Dizi ve sinema sektörünü günümüz koşullarında nasıl buluyorsunuz?

Sinema ve dizi sektöründe hem yasal iyileştirmelerin olduğunu hem de artık oyuncuların bilinçli oldukları için daha iyi şartlarda çalıştığını düşünüyorum. Fakat Türkiye’de prosedürler devreye giriyor ve yasal işlemler çok ağır yürüyor.

Artan oyuncu sayısının nedeniyle bu oyuncuların yaptıkları işleri değerlendirir misiz?

Artık çok sayıda açılan üniversite ve liselerde yetişen birde onlara gönüllü arkadaş eklenince piyasada çok fazla oyuncu aktris oluyor. Ancak bizim sinema filmlerinde oynadığımız dönemdeki tadı veremiyorlar; çünkü aldıkları eğitim akademik, hiç çıkaklık yapmıyorlar, benimsemiyorlar, bir macera tanınma yolu olarak bakıyorlar. Bir de şu durum var artık hikâye bitti. Bizim eski Türk Filmlerinin hikâyelerden yola çıkıp ortaya hikâye çıkarıyorlar. Bu da hem izler kitleyi hem oynayanı olumsuz intibaha götürüyor.

Günümüzde dizilerin artması fazla izlendiğiyle mi alakalı? Filmler için de aynı şeyi söyleyebilir miyiz?

Günümüzde diziler ön plana çıktı. Sebebi rahat olması evinde oturduğu yerden izliyor seyirci. 2014’ün sonlarında Kültür Bakanlığının 100’üncü yılına katıldığımda açıklandı çok mutluluk verici bir olay sinema seyircimiz 60 Milyon’a çıkmış. Bu Türkiye için çok büyük bir aşama. Televizyon dizileri eskisi kadar güncel değil bakıyorum sezon başı 100’ü 150’yi görmüş ve sezonu 20 diziyle kapatıyorlar.

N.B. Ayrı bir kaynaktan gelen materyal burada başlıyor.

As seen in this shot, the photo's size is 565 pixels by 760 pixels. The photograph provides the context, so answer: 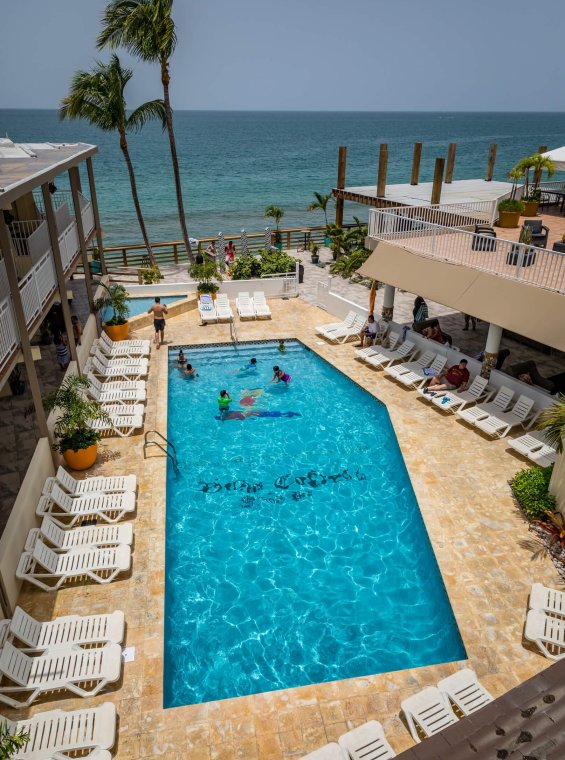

Sinemayla ilgili üye veya yönetici olduğunuz kuruluş ile STK’lardan bahseder misiniz?

1988 de kurulan Sinema oyuncuları derneğinin içindeyim ve 2000den SODER Sinema Oyuncuları Derneği’nin de başkanlığını yapmaktayım. Derneğin sosyal hakları, emeklilikleriyle ilgileniyoruz. Şu an üyelerimizin içinde emekli olmayan yok. Ülkemizde Demirel’den bugüne ne kadar Cumhurbaşkanı- Başbakan varsa bizim sektörde emeklilik konusu üzerinde durmadılar. Günümüzde telif haklarıyla ilgili gelişmeler oldu. Avrupa Birliği nedeniyle Türkiye’ye de sunuldu bu haklar. Bizim sadece telif haklarıyla ilgilenen “Bir Oy” adında örgütümüz mevcut. Bizim çektiğimiz, oynadığımız filmler yayınlanıyor, izliyorsunuz. Bunlarda bizim artık telif hakkımız var. Aynı şekilde yurt dışında oynatılan dizi ve filmlerimiz için telif haklarımızdan faydalanıyoruz.